What if, once it’s excreted, you don’t want to deal with your own excrement, in any form?
Fortunately, there’s an answer: incinerator toilets!
An incinerator toilet runs at a high temperature to burn any human waste, leaving only a small residue of ash.
Any gases generated during the combustion process are expelled by separate, dedicated exhaust vents. This ensures that the residue (ash) is completely germ-free.
There are multiple pros, but also a few cons too:
- They use no water. This is particularly critical if you’re homesteading in the desert – or, in other words, most of the American West.
- They are self-contained and don’t need to connect to any plumbing system.
However, composting toilets fit both of those criteria too. What makes incinerator toilets better?
- There is NO smell. They truly are odorless. (Many composting toilets claim this, but in truth, toilets just don’t smell that great. Even compost doesn’t smell that great. Incinerator toilets are truly odor-free.)
- You don’t have to transport or store anything. With composting toilets, you’ll have to move the waste and store it as it finishes composting. With incinerator toilets, it’s just ash.
- But the ash contains minerals like potassium and it IS good for your garden.
- And they’re fast. Composting toilets take 3 weeks to 2 months. Incinerator toilets complete an incineration cycle in a mere hour.
However, there are a few disadvantages:
- The main one is that incinerator toilets need power. For each cycle, they need to use energy. About one kilowatt-hour per cycle. They need to be hooked to a power source. If you’re getting your power from a city grid, it’s not cheap.

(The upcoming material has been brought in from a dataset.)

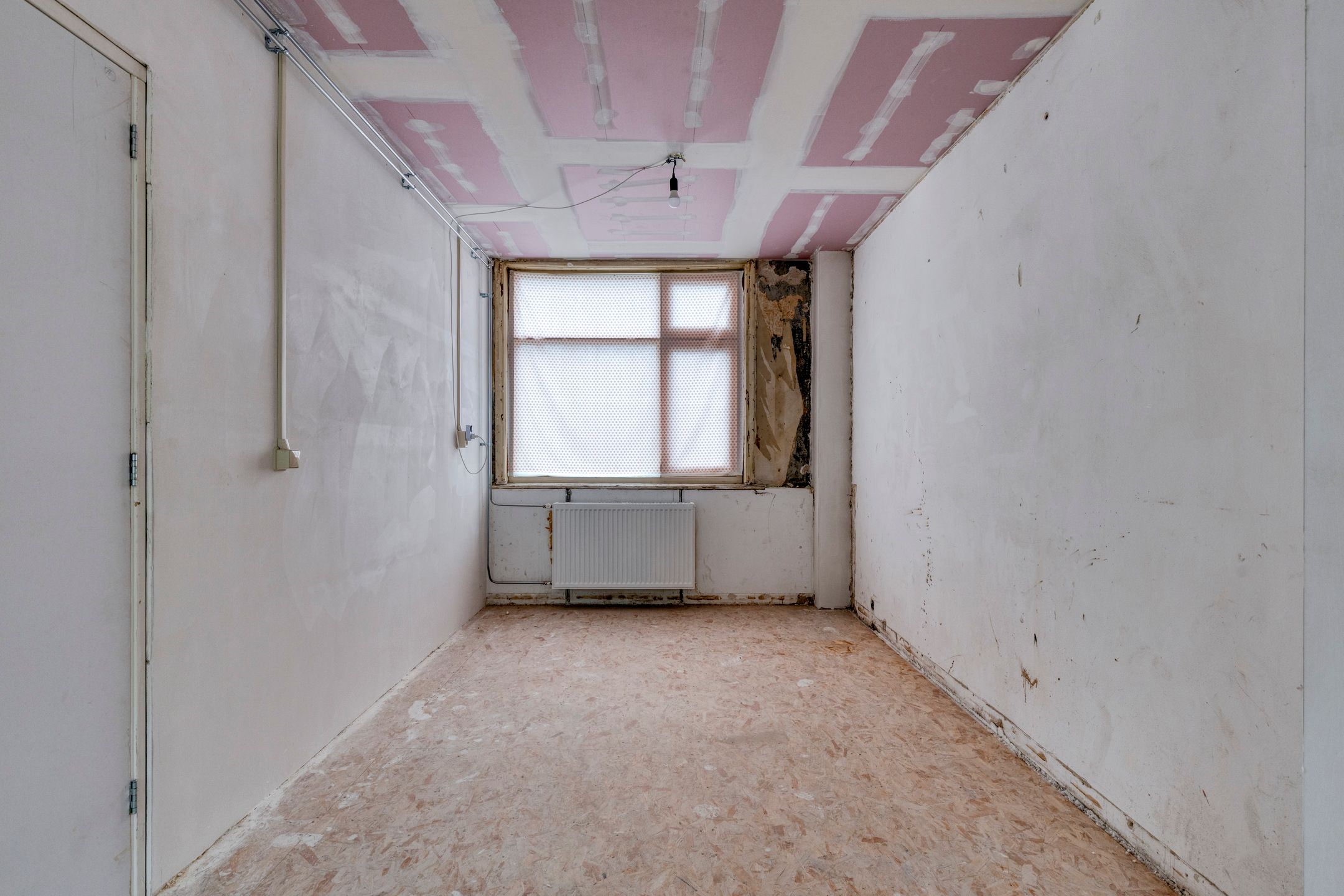 Foto 18 van Gentiaanplein 24-H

And if you’re generating your own, it can be quite a power drain.
- Another potential drawback is the price. Incinerator toilets aren’t the cheapest things to add to your homestead. They run from around $2000 to over $6000.
The Best Incinerator Toilets and Their Composting Alternatives
Let’s say that, despite the drawbacks, you’ve decided that an incinerator toilet is the way to go. What are the best models? Let’s look at some key incinerator toilet brands:
- Incinolet: This brand is one of the first and best known. Reviews are mostly positive. There are complaints that it’s large and bulky, or loud – but everyone agrees that the customer support is phenomenal.
- Cinderella: This brand is worth a mention because it’s one of the market leaders. A fun pun for a name – it reduces your waste to cinders, to keep things clean like the maid Cinderella – and it’s well-liked by buyers.
And some key composting toilet brands:
- Nature’s Head Composting Toilet: This model is billed as a “dry composting toilet.” It’s a good brand with a full and helpful support team behind it. The entire design is plastic, not porcelain – which, depending on you, can be a minus or a plus.
- Separette Villa 9215 AC/DC Composting Toilet: This unit has the advantage of being able to run on both AC (traditional grid power) and DC (solar panel generated) power. It can handle high capacity and frequent use. Reviews are positive.
Those are just a few of the models available. There are many more. Whatever your needs, there’s an incinerator toilet for you!
Are Incinerator Toilets Worth It?
True, incinerator toilets aren’t the cheapest thing. They don’t work if you don’t have power.
But if you’re a modern homesteader (and if you’re reading this article!) you have to get electricity somehow – and then this invention is the best thing since… well, a septic tank, I suppose.
Incinerator toilets are easy to use, clean, and – if any maintenance is required – the customer support teams get rave reviews from clients. So, when nature calls… BURN!